More than $2 billion was pulled from Deutsche Bank's X-trackers MSCI EAFE Currency-Hedged Equity Fund (DBEF) in September, according to data from XTF.com as of Friday morning, the last day of the month. It was by far the biggest move out of any ETF in the past month — the second-biggest outflow from a single ETF in September was $600 million less.
After a tumultuous week, Deutsche Bank shares rallied on Friday by 14 percent.
The move has nothing to do with Deutsche Bank's financial stability, but the German banking giant may serve as a microcosm of current investor sentiment on developed markets outside the United States and questions about the stability of Europe's market, a concern Allianz's chief economic advisor, Mohamed El-Erian, pointed to in an interview with CNBC on Friday.
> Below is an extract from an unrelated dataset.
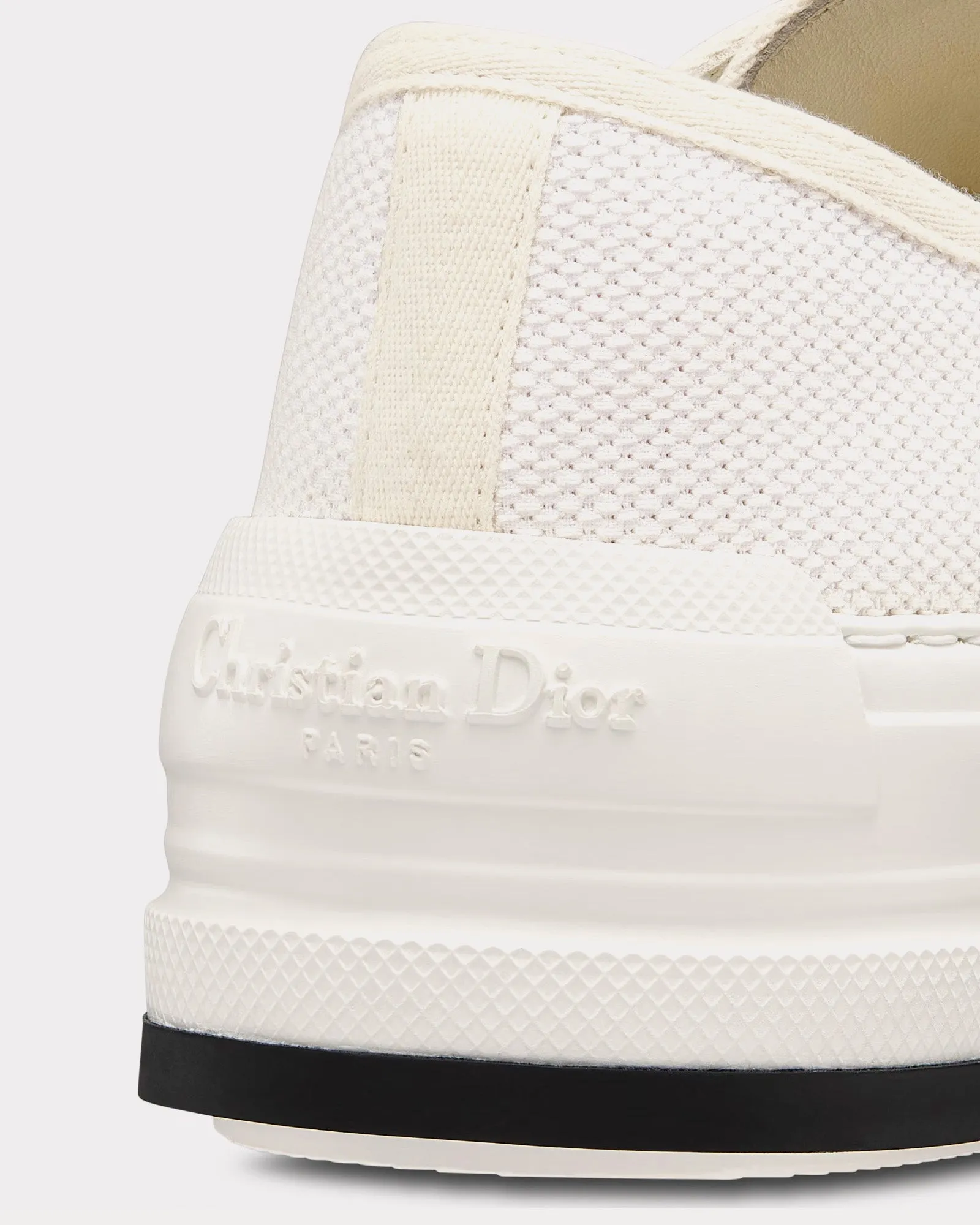 Walk'n'Dior Platform White and Deep Blue Embroidered Cotton Low Top Sneakers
The September outflows were part of a continued trend away from European stocks in particular.
Two iShares developed markets ETFs — iShares MSCI EAFE (EFA) and iShares Currency Hedged MSCI EAFE (HEFA) — saw a combined $1.2 billion pulled in in September by ETF traders and investors. Two of the other top-10 ETFs experiencing outflows in September were Europe funds — iShares MSCI EMU (EZU) and Vanguard Europe (VGK) — which saw $771 million and $647 million of outflows.
That means, in all, five of the top 10 ETF losers in September were developed markets, ex-US or Europe-specific bets.
Investors looking outside the United States have been leapfrogging over the developed markets and into emerging economies for much of 2016, and that continued in September. "We've seen strong EM flows through the quarter. Investors want international exposure but, for the most part, don't want to be exposed to Europe," said Todd Rosenbluth, director of mutual fund and ETF research at S&P Global Market Intelligence.
Igor Zilberman, head of research at XTF.com, said the money leaving the DB X-trackers ETF represents trader sentiment more so than long-term investor sentiment, as buy-and-hold investors will always have some exposure to developed markets, ex-U.S.
It's the traders who move in and out of the developed markets and, in particular, the currency-hedged products, who have been bailing on Europe, as well as Japan, this year. According to XTF.com data, year-to-date currency-hedged products have lost $20 billion, with the ETF company that benefited the most from the trend's popularity now getting hit hard — WisdomTree Investments' currency hedged Europe ETF (HEDJ) has seen $7 billion in outflows this year, according to XTF.com data. "Europe is the biggest loser," Zilberman said.
Neena Mishra, director of ETF research at Zacks Investment Research, said the bail-on-Europe trend has now reached near-$100 billion in all and 34-consecutive weeks of outflows for European equity funds — including all funds not just ETFs — citing the Financial Times. She attributed it to concerns about the European Central Bank's ability to prop up the region any longer and, specifically, the disappointment among investors after the ECB surprised the markets by not offering a more interventionist stance at its latest meeting — it did not extent the deadline for its bond-buying program beyond March 2017.
There prevailing gloom and doom throughout 2016 on developed markets outside the United States is most acutely focused on Europe: the Vanguard FTSE Developed Markets ETF (VEA) is actually the fourth best for inflows this year and was again in the top 10 for inflows in September. VEA does have less exposure to Europe than the MSCI EAFE-based ETFs — 53 percent for the FTSE index versus 61 percent for MSCI EAFE, and slightly less exposure to Japan. But the significant outflows are out of Europe specifically, at $21 billion year-to-date. Developed markets ex-U.S. overall have managed a year-to-date inflow that remains positive, at $2 billion, according to XTF.com data.
Overall, the September investing trends showed a lack of new, notable bets, which may indicate that in the run-up to the U.S. presidential election and continued waiting on the Federal Reserve to make a move on interest rates, investors are uncertain.
"People don't know where to invest and are asking themselves, 'Do I stay in cash?" Mishra said. "Maybe the election and a hike in December will end the uncertainty," she said. For the most part, "people are staying invested but not making big new bets," she added.